И вот этого-то подчас не понимают на Западе. Не понимают, что Мусави – это человек системы, и что если бы он стал президентом (не следует забывать, что в Иране президент – это, по существу, премьер-министр), то никаких кардинальных изменений не произошло бы. Может быть, начались бы некоторые послабления, изменения в риторике, а на международной арене – в отношении к Израилю. Возможно, не было бы таких резких и странных заявлений, которыми прославился Ахмадинежад. Не исключено, что Мусави пошел бы на прямой контакт с США и шестеркой по ядерной проблеме… Но вот что проблема была бы решена – этого я не думаю.
В течение 4 лет президентства Ахмадинежада иранцы были лишены очень многих прав, в частности, права на демонстрации, на право выразить свое мнение в прессе – ведь за эти годы было запрещено более 200 изданий, а многие журналисты оказались в тюрьмах. Таким образом, выборы оказались для многих – прежде всего для людей прогрессивных взглядов – единственной возможностью все-таки сказать свое слово. И они это сделали: явка в 85 процентов – это рекорд не только для Ирана.

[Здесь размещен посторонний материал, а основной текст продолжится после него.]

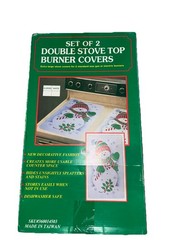 Stove Top Burner Covers Santa Set Of 2 Gas Electric Christmas Holidays Vtg NEW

А.П.: Вернемся к «борьбе под ковром». По какому принципу идет размежевание внутри элиты? Только по личностно-корпоративному? Или идейный фактор все-таки присутствует?

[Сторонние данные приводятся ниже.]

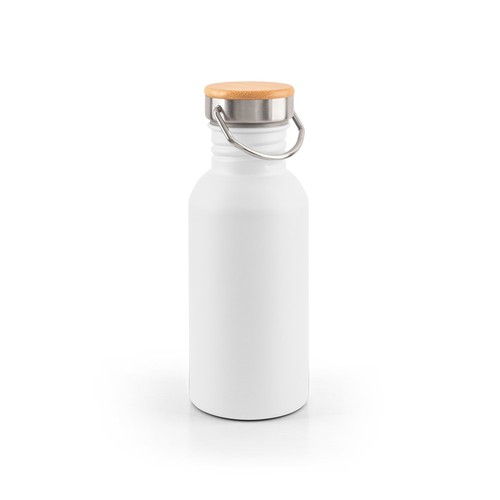 white EWING. Botella de acero inoxidable de pared simple (90% reciclada)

В.С.: Думаю, что в основе все-таки лежит стремление к власти. Но вот что необходимо подчеркнуть: в свою бытность президентами, ни Рафсанджани, ни Хатами не смогли полностью реализовать свои замыслы. У Хатами вообще были революционные планы: конституционно ограничить полномочия духовного лидера и передать их президенту. В этом случае духовный лидер должен был стать чем-то вроде английской королевы. Во времена Рафсанджани, конечно, было не до этого. Предшественнику Хатами пришлось восстанавливать экономику, разрушенную войной.
Тут, кстати, интересно вспомнить, что иранская экономика в те годы очень напоминала советскую – во времена военного коммунизма. И Рафсанджани создал условия для развития частного сектора, который начал развиваться очень мощно. Но в том-то и дело, что введенные им экономические свободы неминуемо повлекли за собой стремление к политическим. Именно его и попытался реализовать Хатами. При этом оба президента исходили из реальности, из объективных потребностей страны. Но одновременно верховное руководство – т.е. группировка Хаменеи – осознало, что это движение неизбежно ведет к размыванию идеологических основ режима. И не допустили его, призвав в президентское кресло Ахмадинежада. Правда, их ставленник сделал даже больше, чем от него хотели.
А.П.: И вышел из-под контроля?
В.С.: Да. Я не исключаю, что в случае, если он останется у власти – а он, несомненно, останется, – то постепенно превратится в настоящего диктатора. Рассматривался ведь и другой вариант: дескать, ему придется учитывать протестные настроения, и он будет вынужден пойти хотя бы на видимость либерализации. Ведь он большой специалист в области пиара! Но теперь, после того, как пролилась кровь, ему остается одно: закручивать гайки до предела. И, отстранив аятолл от реальной власти, он может обрести диктаторскую власть под крылом Хаменеи, как когда-то Гитлер под крылом Гинденбурга.
А.П.: Но ведь возглавляемый Рафсанджани Совет экспертов может, согласно конституции, отозвать Хаменеи?
В.С.: Да, аятоллы имеют право отозвать духовного лидера. Но вот реально ли это в нынешних условиях? Я в этом сомневаюсь. Едва ли аятоллы пойдут на такие крайние меры. Более вероятно, что они попытаются найти платформу для компромисса. Но после того как в Тегеране пролилась кровь, это будет очень трудно сделать.